Re: Performance tuning the Fedora Desktop

Will Cohen <wcohen@xxxxxxxxxx> · Wed, 12 May 2004 17:57:27 -0400

 I would like to thank people for the response to the thread on
performance tuning the Fedora Desktop. The responses have been very
helpful.  Below is what I have written up as a result of the comments
I got.

APPLICATIONS

There are a large number of packages that could be considered part of
the desktop. However, the most critical ones appear to be the mail
clients, web browsers, word processors, and window manager. There were
several comments about up2date/rpm related software also.

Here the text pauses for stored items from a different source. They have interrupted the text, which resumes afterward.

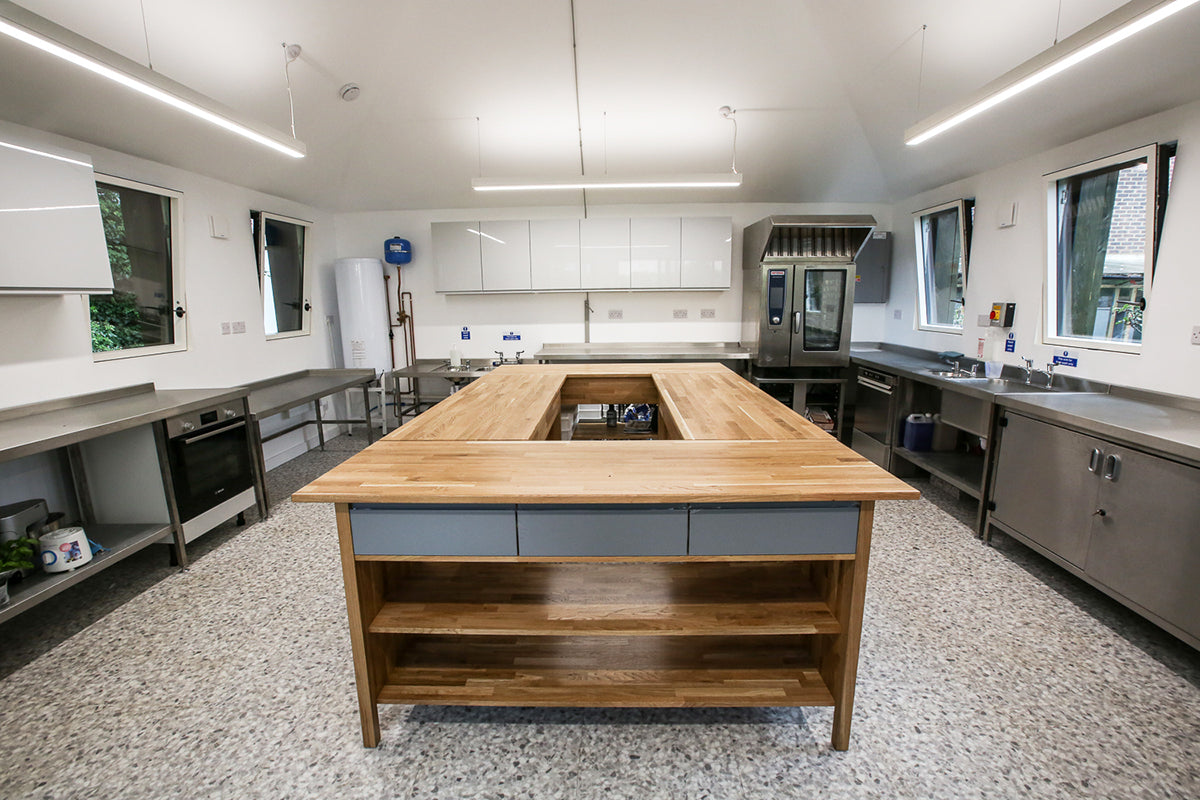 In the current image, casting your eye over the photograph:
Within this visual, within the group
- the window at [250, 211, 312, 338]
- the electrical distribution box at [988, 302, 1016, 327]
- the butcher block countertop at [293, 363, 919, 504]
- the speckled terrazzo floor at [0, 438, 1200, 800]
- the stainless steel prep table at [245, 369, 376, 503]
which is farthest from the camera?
the window at [250, 211, 312, 338]

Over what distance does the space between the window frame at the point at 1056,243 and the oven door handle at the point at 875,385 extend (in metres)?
1.04

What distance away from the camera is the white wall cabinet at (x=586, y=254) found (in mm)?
5180

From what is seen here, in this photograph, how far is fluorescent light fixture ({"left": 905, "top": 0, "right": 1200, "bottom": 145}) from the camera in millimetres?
1678

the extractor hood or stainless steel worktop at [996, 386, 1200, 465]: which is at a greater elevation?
the extractor hood

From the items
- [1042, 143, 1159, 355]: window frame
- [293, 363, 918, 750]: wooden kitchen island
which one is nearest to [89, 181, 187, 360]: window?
[293, 363, 918, 750]: wooden kitchen island

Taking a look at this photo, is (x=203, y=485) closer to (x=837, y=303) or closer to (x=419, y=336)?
(x=419, y=336)

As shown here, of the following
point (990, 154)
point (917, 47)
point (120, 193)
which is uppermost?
point (917, 47)

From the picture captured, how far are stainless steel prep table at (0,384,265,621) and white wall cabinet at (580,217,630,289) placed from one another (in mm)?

A short list of important apps rpms:

     evolution
     mozilla
     ooffice
     gnome-terminal
     gnome-* 

*FIXME* would like to narrow this down to a list of executables *FIXME*

PERFORMANCE PROBLEMS

The performance issues with Desktop applications differs signficantly
from the tradition single-threaded, batch-oriented benchmarks, like
SPEC CPU2000. The desktop applications often have multiple
threads. The footprints of the desktop applications are larger due to
the number of shared libraries being used to do GUI and network
related operations. Also users typically have several desktop
applications open concurrently. As a result, Cache and paging are more
likely to be issue with desktop applications. Optimizing for code size
may be boost performance more than trying to use aggressive compiler
optimizations that increase program size.

Latency is more of an issue than throughput for the desktop
applications. How long it takes for the action for a mouse click to be
observed is more important than the machine can do a certain number of
the actions in a given period of time. Interactivity is the issue;
ideally, the actions should be below a person's threshold of
detecting, for example a new window appears to pop up instantly but in
reality it may take 10millisecond to do.

Some latency issues may be outside the applications control. For
example performance limited by DNS lookups to convert URL address into
IP number.  Actual rate that network provides data to web browser
affect the perceived performance.  With the exception of eliminating
the dependency on the outside application, nothing on the local
machine is going to improve performance.

METRICS

Unfortunately, many people's metrics for desktop applications were
literally eyeballed, click a menu item see how long it takes for the
result to occur. This is difficult to automate and script.  We really
want benchmarks where at the very least the actual measure does not
require the person to measure by hand and then transcribe the
resulting measurement to a machine readable format.  Better still
would an automated test like the performance tracking for GCC,
http://people.redhat.com/dnovillo/spec2000/.  This would make it
easier to see when a code change fixed a performance problem (or
introduced a performance problem).  Wall clock time obtained from
strategic printf of gettimeofday and strace were uses to get timing
informatoin.

Memory footprint of desktop application another metric of
interest. The larger the memory footprint the more time it takes to
start up.  Also large memory footprint application are likely to have
more cache misses and page fault, slowing the execution of the
program.

File accesses can also affect performance. When a desktop application
is initially started shared library files need to be
opened. Additionally, other file with preference information may be
opened. In the case of Nautilus it may need to examine all the files
in the directory it is browsing. Restructing the code to reduce the
number of file access could improve the performance of applications.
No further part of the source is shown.